Tesla's autopilot will save many lives on the motor ways. It doesn't have to be perfect. It just has to be statistically better than you or I. Even though this technology is in its infancy, it is already a better than you are, statistically. -
Re:Holy flamebait batman!
The jobs aren't going away because people here are being replaced by better technology, the jobs are going away here because people are being replaced by workers in other countries who can work for less.
One is not mutually exclusive of the other. It's not exactly a golden age in emerging economies either.
Continuing high rates of unemployment worldwide and chronic vulnerable employment in many emerging and developing economies are still deeply affecting the world of work, warns a new ILO report.

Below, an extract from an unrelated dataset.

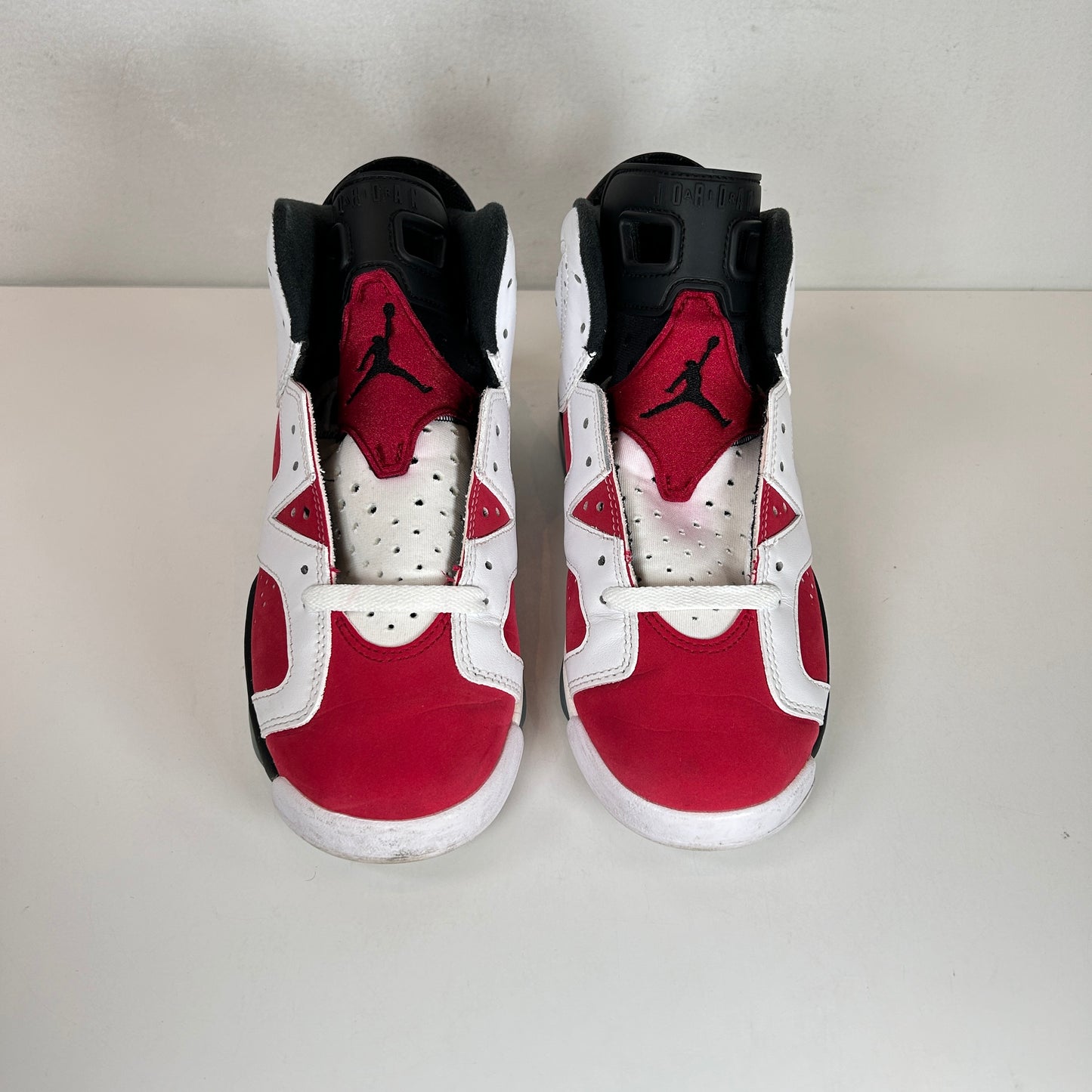384665 106 Jordan 6 Retro Carmine (2021) (GS) [USED] - 6 Y (Used)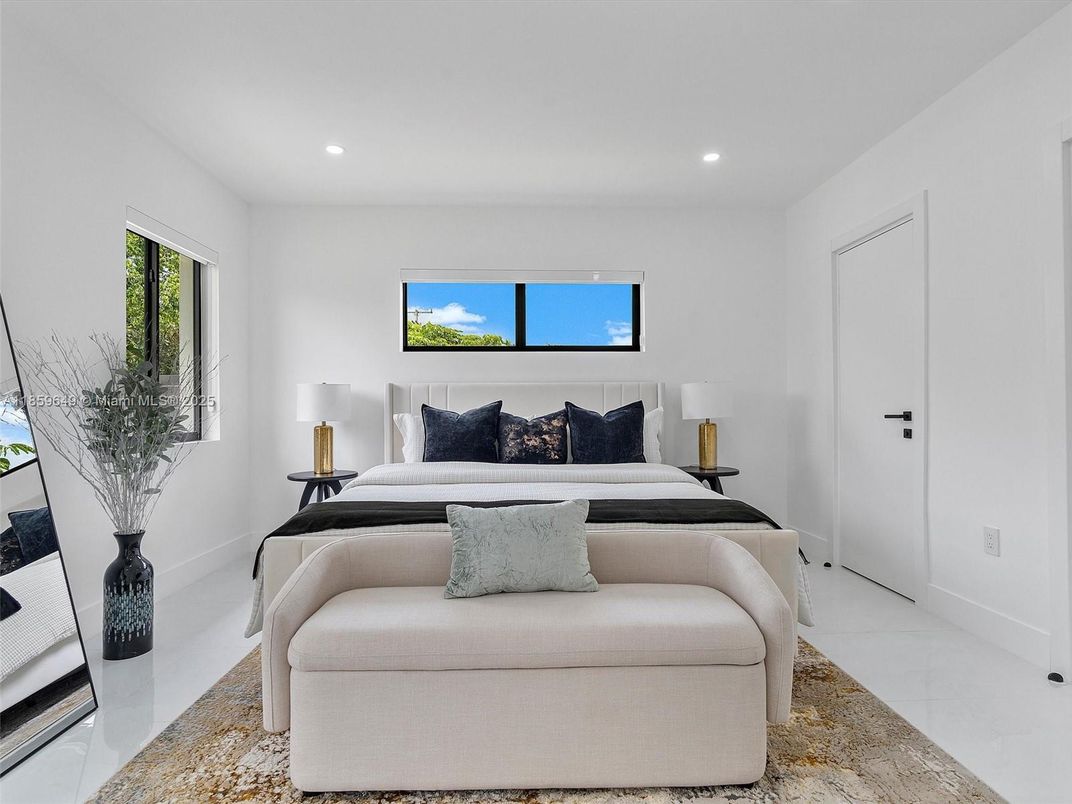 Bedroom, Interior, Recessed Lighting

In fact, some companies are insourcing back to the first world because of robotics. There won't be many jobs to go along with it though:
the two new factories (the other will be in the US) will produce about 1m [shoes] (...) The new Adidas factory will have about 160 staff, a fraction of the number required to make the same number of shoes in Asia.
So 160 people to produce 500.000 shoes if that was 1m total, double that if it was 1m each. That's thousands of shoes per employee per year. I just checked one of the bigger online banks here in Norway, 310 employees and 380,000 customers that's more than a thousand per employee. And we're constantly improving the systems to do more with less. For a long time getting more people into the economy has been driving it, like adding another ground level to the pyramid makes it taller.
I'm not so sure that it will always be that way, at some point we might run into other resource limitations and having less people means there's actually more for each because robots do the work but like you need land to grow food, so the more people the more land you need. The more people, the more waste, the more pollution, the more housing, the more traffic and so on. If you think really far into the the future maybe it's better to have fewer humans and a large robot staff to support them.
Of course I'm not doing to ask anyone to give up on the right to have kids, but many countries in Europe are below replacement numbers and maybe then it wouldn't be such a big deal.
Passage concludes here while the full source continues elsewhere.